—Je veux vous prouver qu'elle est réelle et qu'elle peut devenir efficace. Vous venez à moi parce que vous avez besoin de trois mille francs. Que je vous les trouve—et je vous promets de les chercher, bien que cela me paraît difficile, très difficile—ils assureront votre repos présent; mais assureront-ils votre avenir, c'est-à-dire vous permettront-ils de continuer les travaux importants dont vous venez de me parler et sur lesquels votre ambition compte? Non. Les luttes dans lesquelles vous vous débattez et vous usez, recommenceront bientôt. Et c'est de ces luttes que vous devez vous débarrasser pour vous assurer la liberté de travail qui vous est indispensable si vous voulez marcher droit et vite. Pour cela, je ne vois qu'un moyen:—vous marier.
IV
Saniel, qui était sur ses gardes et s'attendait à quelque rouerie de la part de l'agent d'affaires, n'avait pas du tout prévu que ces témoignages d'intérêt aboutiraient à une proposition de mariage; une exclamation de surprise lui échappa. Mais elle se perdit dans le tintement de la sonnette.
Caffié se leva:
—Quel ennui de n'avoir pas de clerc! dit-il.
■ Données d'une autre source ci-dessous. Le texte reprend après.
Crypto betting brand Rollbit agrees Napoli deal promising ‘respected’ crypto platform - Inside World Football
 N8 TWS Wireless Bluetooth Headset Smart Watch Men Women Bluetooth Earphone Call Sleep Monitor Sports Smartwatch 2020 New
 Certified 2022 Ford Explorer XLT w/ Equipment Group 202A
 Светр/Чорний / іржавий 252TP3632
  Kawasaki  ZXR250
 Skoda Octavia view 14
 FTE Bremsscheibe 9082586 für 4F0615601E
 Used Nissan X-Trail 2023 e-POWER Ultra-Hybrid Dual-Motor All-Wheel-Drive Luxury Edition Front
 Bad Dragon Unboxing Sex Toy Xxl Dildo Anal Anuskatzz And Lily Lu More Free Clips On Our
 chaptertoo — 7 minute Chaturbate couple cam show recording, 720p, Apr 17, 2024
Il mit à aller ouvrir la porte un empressement qu'il n'avait pas eu pour Saniel, et qui prouvait que, n'étant pas seul, il n'avait plus les mêmes craintes d'introduire quelqu'un chez lui.
Ce fut un garçon de banque qui entra.
—Vous permettez, dit Caffié, revenant dans son cabinet et s'adressant à Saniel; c'est l'affaire d'un instant.
Sous la lampe, le garçon de banque cherchait dans son portefeuille; il en tira une traite qu'il présenta à Caffié.
—Les fonds sont faits, dit celui-ci.